Zero-based budgeting vs targeted cost reductionBain & Company, an American global management consulting firm , writes: “In our experience, zero-based budgeting (ZBB) offers companies a convenient way to radically rethink their cost structures, reducing expenses on overhead and support functions by up to 25%, while increasing efficiency and competitiveness. “(Image: adapted from bain.com)

Zero-based budget and threat of recession

For many businesses, the idea of ​​rebuilding the budget from scratch can be seen as a nightmare – wiping the budget slate and starting over is a last resort; never something a senior manager would consider doing under normal circumstances.

However, as of 2008, an increasing number of business enterprises have chosen to do just that. In the face of the Great Recession, businesses began to turn to zero-based budgeting.

The zero-based budgeting process is a process that allocates funds, not based on budget history, but based on the effectiveness and necessity of the program.

Budgetists review every program and every expense at the start of every fiscal year. Each position must be justified in order to approve its funding.

ZBB can be applied to any type of cost, including operating expenses, sales, capital expenses, marketing, variable distribution, or cost of goods sold.

Deloitte Touche Tohmatsu Limited (Deloitte), a multinational professional services company incorporated in the UK, writes:

“If successful, ZBB generates radical savings and frees organizations from entrenched departments and methodologies. If this fails, the costs to an organization can be considerable.

Zero-based budgeting in the 1970s

Zero-based budgeting first gained prominence in the public sector during the financial crisis of the 1970s. As public pressure increased, US President Jimmy Carter vowed to reform the federal budget system and balance the federal budget using the ZBB. When he was governor of Georgia, Carter had used ZBB.

Although it was well received in the beginning, the ZBB proved not only to be time consuming and incredibly complicated, but also inefficient, as it was Congress and the executive that ultimately decided which programs were kept and which were eliminated. .

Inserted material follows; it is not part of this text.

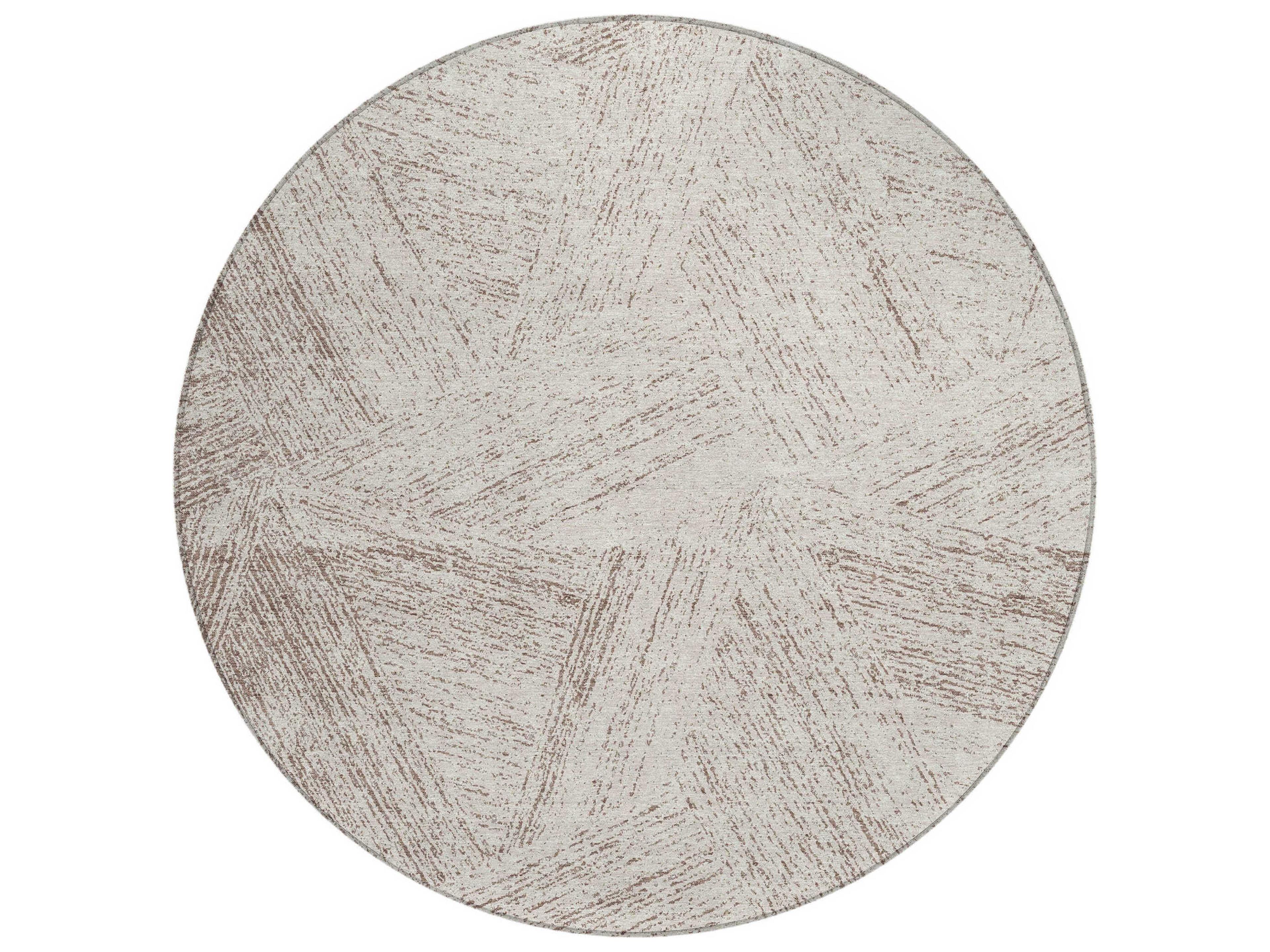 Dalyn Chantille Abstract Area Rug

President Carter’s budget office used a variant of the ZBB, in which agencies were required to categorize their programs with funding limits. This forced them to assign priorities and identify reduction targets. However, rather than starting from a true zero base, the agencies started from a “priority base”.

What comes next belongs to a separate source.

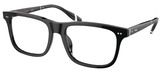 (Polo) Ralph Lauren Eyeglasses PH2270U 5001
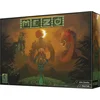 Image de Matagot Mezo Brettspiel Golden Golden One Size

President Ronald Reagan abandoned the system shortly after taking office in 1980. “Since then, the use of ZBB in the public and private sectors has been limited due to its high level of complexity and importance. required investment that may hinder its execution, ”wrote Deloitte.


Video explaining zero-based budgeting

This Stroud International The video explains what zero-based budgeting is, a system created by Pete Pyhrr of Texas Instruments in the 1960s.